A Practical Guide to Understanding Ontology Structure and Data Patterns in the Wild
DBpedia remains one of the richest publicly available Knowledge Graphs derived from Wikipedia content. Its structure gives a unique window into the shape of real-world data on the Web: entity types, properties, hierarchies, and semantic relationships.
This article explores DBpedia using a sequence of SPARQL queries, each designed to highlight a specific pattern or semantic capability. Every query includes:
- A clickable link to run it directly against DBpedia.
- An explanation of what the query uncovers and why it matters.
1. Entity Types and Representative Instances
This query lists classes (types) in DBpedia, shows a sample instance for each, and counts how many entities belong to that type.
Query
SELECT ?entityType (SAMPLE(?entity) AS ?sampleEntity) (COUNT(*) AS ?count)
WHERE {
?entity a ?entityType .
}
GROUP BY ?entityType
ORDER BY DESC(?count)
Run it
Why It’s Useful
This is the fastest way to understand what types DBpedia actually contains and how many instances each type has.
It highlights:
- Dominant classes (e.g., “Person”, “Place”, “Work”)

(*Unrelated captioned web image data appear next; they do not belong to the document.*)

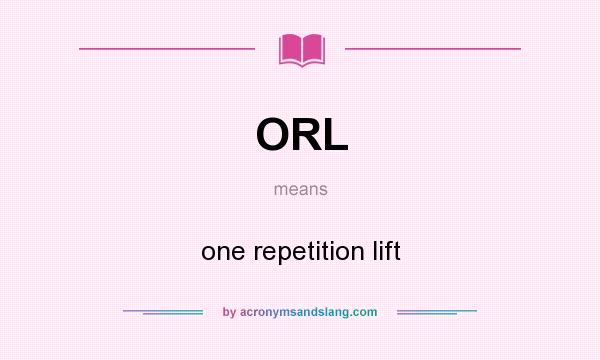 What does ORL mean? It stands for one repetition lift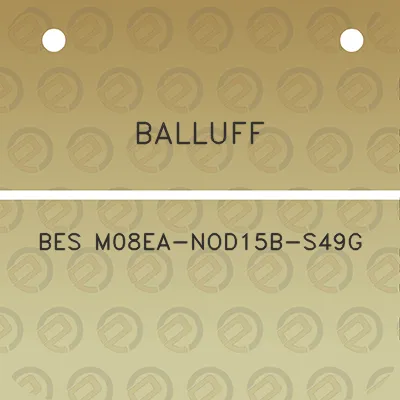 balluff-bes-m08ea-nod15b-s49g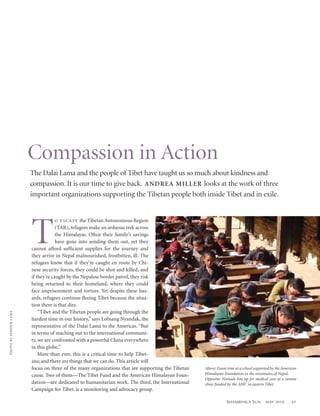 Compassion in Action
                              The Dalai Lama and the people of Tibet have taught us so much about kindness and
                              compassion. It is our time to give back. ANDRE A MILLER looks at the work of three
                              important organizations supporting the Tibetan people both inside Tibet and in exile.




                              T
                                           O E S C A P E the Tibetan Autonomous Region
                                           (TAR), refugees make an arduous trek across
                                           the Himalayas. Often their family’s savings
                                           have gone into sending them out, yet they
                              cannot afford sufﬁcient supplies for the journey and
                              they arrive in Nepal malnourished, frostbitten, ill. The
                              refugees know that if they’re caught en route by Chi-
                              nese security forces, they could be shot and killed, and
                              if they’re caught by the Nepalese border patrol, they risk
                              being returned to their homeland, where they could
                              face imprisonment and torture. Yet despite these haz-
                              ards, refugees continue ﬂeeing Tibet because the situa-
                              tion there is that dire.
                                  “Tibet and the Tibetan people are going through the
PH OTO B Y S E M DUK LA M A




                              hardest time in our history,” says Lobsang Nyandak, the
                              representative of the Dalai Lama to the Americas. “But
                              in terms of reaching out to the international communi-
                              ty, we are confronted with a powerful China everywhere
                              in this globe.”
                                  More than ever, this is a critical time to help Tibet-
                              ans; and there are things that we can do. This article will
                              focus on three of the many organizations that are supporting the Tibetan   Above: Exam time at a school supported by the American
                              cause. Two of them—The Tibet Fund and the American Himalayan Foun-         Himalayan Foundation in the mountains of Nepal.
                                                                                                         Opposite: Nomads line up for medical care at a remote
                              dation—are dedicated to humanitarian work. The third, the International    clinic funded by the AHF in eastern Tibet.
                              Campaign for Tibet, is a monitoring and advocacy group.

                                                                                                                     S HAMBHALA S UN        MAY 2010        61
 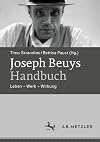 Joseph Beuys-Handbuch : Leben – Werk – Wirkung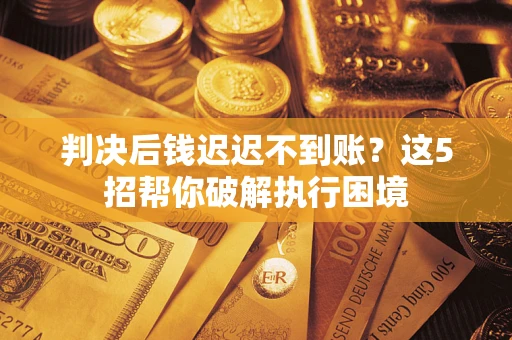 济南判决后钱迟迟不到账？这5招帮你破解执行困境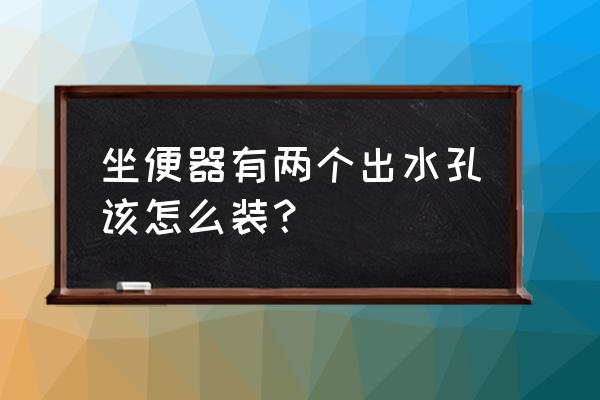 马桶有两个排水口怎么安装 坐便器有两个出水孔该怎么装？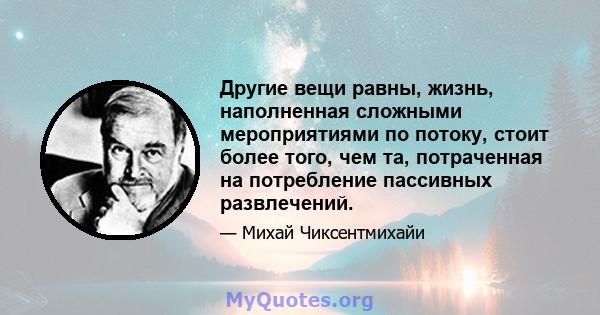 Другие вещи равны, жизнь, наполненная сложными мероприятиями по потоку, стоит более того, чем та, потраченная на потребление пассивных развлечений.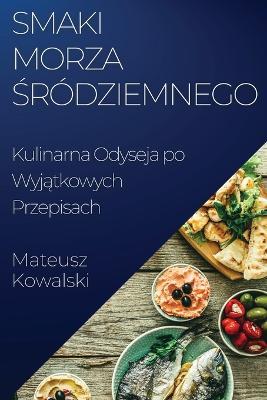 Smaki Morza &#346;ródziemnego: Kulinarna Odyseja po Wyj&#261;tkowych Przepisach - Mateusz Kowalski - cover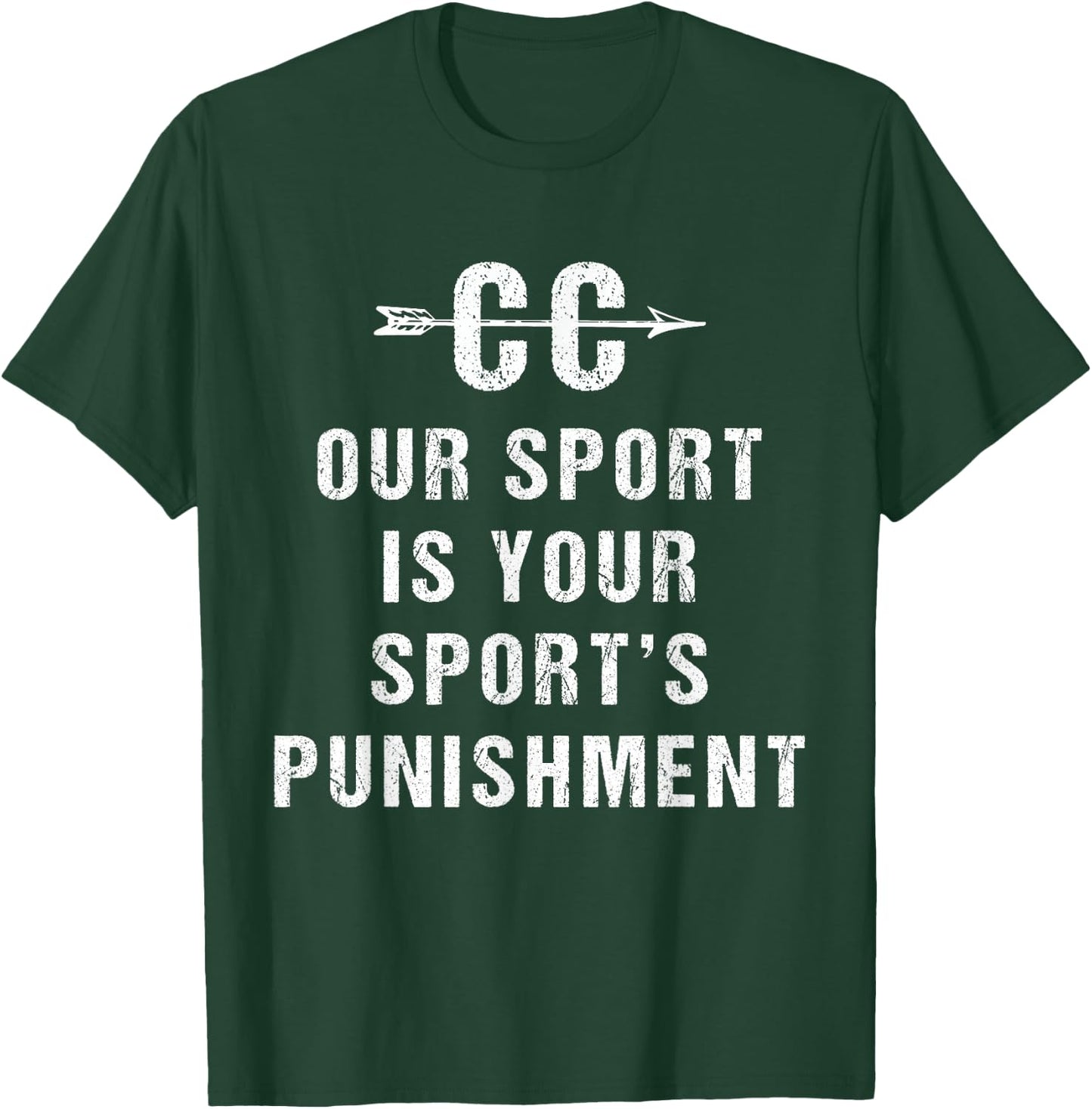 Our Sport Is Your Sports Punishment - Cross Country T-Shirt - T-Shirt | Forest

- Niche or sparsely populated types
- Unexpected type proliferation due to Wikipedia infobox diversity
It also provides a compact sanity check before doing deeper ontology or property exploration.
2. SubProperty/SuperProperty Exploration (Random Representative Start Points)

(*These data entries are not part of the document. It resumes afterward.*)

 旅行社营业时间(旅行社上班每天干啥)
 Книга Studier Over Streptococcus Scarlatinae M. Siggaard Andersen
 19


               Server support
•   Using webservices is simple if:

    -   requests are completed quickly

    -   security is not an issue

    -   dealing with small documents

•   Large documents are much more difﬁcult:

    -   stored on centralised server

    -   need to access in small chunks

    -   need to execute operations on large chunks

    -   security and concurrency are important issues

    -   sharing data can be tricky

This query samples commonly used super-properties, selects one representative sub-property for each, and computes the full transitive hierarchy.
Query
PREFIX rdfs: <http://www.w3.org/2000/01/rdf-schema#>
PREFIX owl: <http://www.w3.org/2002/07/owl#>
PREFIX rdf: <http://www.w3.org/1999/02/22-rdf-syntax-ns#>
SELECT *
WHERE {
{
SELECT ?superProperty ?subProperty
WHERE {
{
SELECT (?c AS ?superProperty) (SAMPLE(?a) AS ?subProperty) (COUNT(*) AS ?usageCount)
WHERE {
?a rdfs:subPropertyOf ?c .
?a a ?type .
FILTER (?type IN (owl:ObjectProperty, rdf:Property))
}
GROUP BY ?c
ORDER BY DESC(?usageCount)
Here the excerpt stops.